Start of Extracted entries
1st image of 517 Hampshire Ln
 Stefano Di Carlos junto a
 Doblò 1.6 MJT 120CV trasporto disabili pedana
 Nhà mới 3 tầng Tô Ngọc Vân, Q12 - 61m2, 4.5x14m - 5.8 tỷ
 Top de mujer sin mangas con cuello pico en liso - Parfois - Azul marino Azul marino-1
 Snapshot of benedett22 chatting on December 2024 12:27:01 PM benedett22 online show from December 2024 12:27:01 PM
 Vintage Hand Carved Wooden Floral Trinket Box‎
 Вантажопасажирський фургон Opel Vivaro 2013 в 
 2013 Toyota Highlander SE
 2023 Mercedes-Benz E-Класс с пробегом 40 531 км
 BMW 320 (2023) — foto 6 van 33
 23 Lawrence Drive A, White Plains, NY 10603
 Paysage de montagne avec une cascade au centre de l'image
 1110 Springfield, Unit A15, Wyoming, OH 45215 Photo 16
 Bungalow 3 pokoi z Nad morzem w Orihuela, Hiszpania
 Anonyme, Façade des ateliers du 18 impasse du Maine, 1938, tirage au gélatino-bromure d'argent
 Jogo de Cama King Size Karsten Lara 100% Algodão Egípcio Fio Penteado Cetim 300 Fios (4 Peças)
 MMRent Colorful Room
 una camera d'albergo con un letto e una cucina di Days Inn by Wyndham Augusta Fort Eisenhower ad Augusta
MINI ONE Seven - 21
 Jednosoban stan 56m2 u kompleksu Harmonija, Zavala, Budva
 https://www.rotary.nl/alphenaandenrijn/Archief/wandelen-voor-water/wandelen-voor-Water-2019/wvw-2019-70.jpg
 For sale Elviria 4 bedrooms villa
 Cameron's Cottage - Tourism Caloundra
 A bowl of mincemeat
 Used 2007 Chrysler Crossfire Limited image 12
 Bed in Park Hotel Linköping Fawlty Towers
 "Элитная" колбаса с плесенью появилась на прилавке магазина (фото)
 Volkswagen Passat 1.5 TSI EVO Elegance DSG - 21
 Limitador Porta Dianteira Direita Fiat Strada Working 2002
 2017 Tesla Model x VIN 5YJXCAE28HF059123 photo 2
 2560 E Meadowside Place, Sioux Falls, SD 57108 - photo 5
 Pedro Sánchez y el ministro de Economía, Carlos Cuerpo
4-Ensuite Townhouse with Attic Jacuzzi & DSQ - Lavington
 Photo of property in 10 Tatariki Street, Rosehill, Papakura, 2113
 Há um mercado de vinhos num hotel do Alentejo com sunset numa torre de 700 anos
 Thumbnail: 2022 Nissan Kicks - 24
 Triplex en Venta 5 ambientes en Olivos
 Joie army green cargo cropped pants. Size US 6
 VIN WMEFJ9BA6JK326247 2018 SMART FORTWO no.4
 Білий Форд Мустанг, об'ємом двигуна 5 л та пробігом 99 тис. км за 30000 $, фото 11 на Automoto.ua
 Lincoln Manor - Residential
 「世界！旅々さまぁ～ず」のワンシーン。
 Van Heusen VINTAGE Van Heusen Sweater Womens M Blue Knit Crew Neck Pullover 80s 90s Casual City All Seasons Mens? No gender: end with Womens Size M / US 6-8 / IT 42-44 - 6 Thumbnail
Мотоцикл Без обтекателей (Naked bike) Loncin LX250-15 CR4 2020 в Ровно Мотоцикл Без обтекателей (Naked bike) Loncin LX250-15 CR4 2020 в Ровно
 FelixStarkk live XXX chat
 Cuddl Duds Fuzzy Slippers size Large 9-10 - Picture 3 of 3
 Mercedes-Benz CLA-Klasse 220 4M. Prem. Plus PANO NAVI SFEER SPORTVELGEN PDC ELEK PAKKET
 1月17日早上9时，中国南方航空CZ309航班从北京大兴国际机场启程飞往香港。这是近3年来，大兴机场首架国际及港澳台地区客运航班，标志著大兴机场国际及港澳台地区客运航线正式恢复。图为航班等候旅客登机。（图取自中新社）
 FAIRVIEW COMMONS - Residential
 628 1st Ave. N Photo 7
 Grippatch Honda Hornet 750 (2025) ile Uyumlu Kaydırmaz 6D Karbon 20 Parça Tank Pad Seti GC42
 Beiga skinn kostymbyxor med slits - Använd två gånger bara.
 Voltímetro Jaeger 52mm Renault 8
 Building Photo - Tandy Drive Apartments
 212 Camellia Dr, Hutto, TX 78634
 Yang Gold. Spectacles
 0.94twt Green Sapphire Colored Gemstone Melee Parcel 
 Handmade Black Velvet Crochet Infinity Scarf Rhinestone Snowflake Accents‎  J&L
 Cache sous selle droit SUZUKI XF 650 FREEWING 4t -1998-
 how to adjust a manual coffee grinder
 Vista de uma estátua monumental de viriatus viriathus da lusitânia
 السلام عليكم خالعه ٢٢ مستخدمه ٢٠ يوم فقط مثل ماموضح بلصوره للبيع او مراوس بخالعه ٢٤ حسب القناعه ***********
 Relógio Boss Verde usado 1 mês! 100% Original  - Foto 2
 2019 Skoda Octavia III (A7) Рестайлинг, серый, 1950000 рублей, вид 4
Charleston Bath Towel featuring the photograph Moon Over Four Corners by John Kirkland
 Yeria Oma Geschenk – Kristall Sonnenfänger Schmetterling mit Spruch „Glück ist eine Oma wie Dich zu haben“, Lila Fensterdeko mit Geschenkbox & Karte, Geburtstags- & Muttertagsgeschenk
End of Extracted entries
Assignment
Write each entry out again, exactly as it reads above.

Output of the exercise
1st image of 517 Hampshire Ln
 Stefano Di Carlos junto a
 Doblò 1.6 MJT 120CV trasporto disabili pedana
 Nhà mới 3 tầng Tô Ngọc Vân, Q12 - 61m2, 4.5x14m - 5.8 tỷ
 Top de mujer sin mangas con cuello pico en liso - Parfois - Azul marino Azul marino-1
 Snapshot of benedett22 chatting on December 2024 12:27:01 PM benedett22 online show from December 2024 12:27:01 PM
 Vintage Hand Carved Wooden Floral Trinket Box‎
 Вантажопасажирський фургон Opel Vivaro 2013 в 
 2013 Toyota Highlander SE
 2023 Mercedes-Benz E-Класс с пробегом 40 531 км
 BMW 320 (2023) — foto 6 van 33
 23 Lawrence Drive A, White Plains, NY 10603
 Paysage de montagne avec une cascade au centre de l'image
 1110 Springfield, Unit A15, Wyoming, OH 45215 Photo 16
 Bungalow 3 pokoi z Nad morzem w Orihuela, Hiszpania
 Anonyme, Façade des ateliers du 18 impasse du Maine, 1938, tirage au gélatino-bromure d'argent
 Jogo de Cama King Size Karsten Lara 100% Algodão Egípcio Fio Penteado Cetim 300 Fios (4 Peças)
 MMRent Colorful Room
 una camera d'albergo con un letto e una cucina di Days Inn by Wyndham Augusta Fort Eisenhower ad Augusta
MINI ONE Seven - 21
 Jednosoban stan 56m2 u kompleksu Harmonija, Zavala, Budva
 https://www.rotary.nl/alphenaandenrijn/Archief/wandelen-voor-water/wandelen-voor-Water-2019/wvw-2019-70.jpg
 For sale Elviria 4 bedrooms villa
 Cameron's Cottage - Tourism Caloundra
 A bowl of mincemeat
 Used 2007 Chrysler Crossfire Limited image 12
 Bed in Park Hotel Linköping Fawlty Towers
 "Элитная" колбаса с плесенью появилась на прилавке магазина (фото)
 Volkswagen Passat 1.5 TSI EVO Elegance DSG - 21
 Limitador Porta Dianteira Direita Fiat Strada Working 2002
 2017 Tesla Model x VIN 5YJXCAE28HF059123 photo 2
 2560 E Meadowside Place, Sioux Falls, SD 57108 - photo 5
 Pedro Sánchez y el ministro de Economía, Carlos Cuerpo
4-Ensuite Townhouse with Attic Jacuzzi & DSQ - Lavington
 Photo of property in 10 Tatariki Street, Rosehill, Papakura, 2113
 Há um mercado de vinhos num hotel do Alentejo com sunset numa torre de 700 anos
 Thumbnail: 2022 Nissan Kicks - 24
 Triplex en Venta 5 ambientes en Olivos
 Joie army green cargo cropped pants. Size US 6
 VIN WMEFJ9BA6JK326247 2018 SMART FORTWO no.4
 Білий Форд Мустанг, об'ємом двигуна 5 л та пробігом 99 тис. км за 30000 $, фото 11 на Automoto.ua
 Lincoln Manor - Residential
 「世界！旅々さまぁ～ず」のワンシーン。
 Van Heusen VINTAGE Van Heusen Sweater Womens M Blue Knit Crew Neck Pullover 80s 90s Casual City All Seasons Mens? No gender: end with Womens Size M / US 6-8 / IT 42-44 - 6 Thumbnail
Мотоцикл Без обтекателей (Naked bike) Loncin LX250-15 CR4 2020 в Ровно Мотоцикл Без обтекателей (Naked bike) Loncin LX250-15 CR4 2020 в Ровно
 FelixStarkk live XXX chat
 Cuddl Duds Fuzzy Slippers size Large 9-10 - Picture 3 of 3
 Mercedes-Benz CLA-Klasse 220 4M. Prem. Plus PANO NAVI SFEER SPORTVELGEN PDC ELEK PAKKET
 1月17日早上9时，中国南方航空CZ309航班从北京大兴国际机场启程飞往香港。这是近3年来，大兴机场首架国际及港澳台地区客运航班，标志著大兴机场国际及港澳台地区客运航线正式恢复。图为航班等候旅客登机。（图取自中新社）
 FAIRVIEW COMMONS - Residential
 628 1st Ave. N Photo 7
 Grippatch Honda Hornet 750 (2025) ile Uyumlu Kaydırmaz 6D Karbon 20 Parça Tank Pad Seti GC42
 Beiga skinn kostymbyxor med slits - Använd två gånger bara.
 Voltímetro Jaeger 52mm Renault 8
 Building Photo - Tandy Drive Apartments
 212 Camellia Dr, Hutto, TX 78634
 Yang Gold. Spectacles
 0.94twt Green Sapphire Colored Gemstone Melee Parcel 
 Handmade Black Velvet Crochet Infinity Scarf Rhinestone Snowflake Accents‎  J&L
 Cache sous selle droit SUZUKI XF 650 FREEWING 4t -1998-
 how to adjust a manual coffee grinder
 Vista de uma estátua monumental de viriatus viriathus da lusitânia
 السلام عليكم خالعه ٢٢ مستخدمه ٢٠ يوم فقط مثل ماموضح بلصوره للبيع او مراوس بخالعه ٢٤ حسب القناعه ***********
 Relógio Boss Verde usado 1 mês! 100% Original  - Foto 2
 2019 Skoda Octavia III (A7) Рестайлинг, серый, 1950000 рублей, вид 4
Charleston Bath Towel featuring the photograph Moon Over Four Corners by John Kirkland
 Yeria Oma Geschenk – Kristall Sonnenfänger Schmetterling mit Spruch „Glück ist eine Oma wie Dich zu haben“, Lila Fensterdeko mit Geschenkbox & Karte, Geburtstags- & Muttertagsgeschenk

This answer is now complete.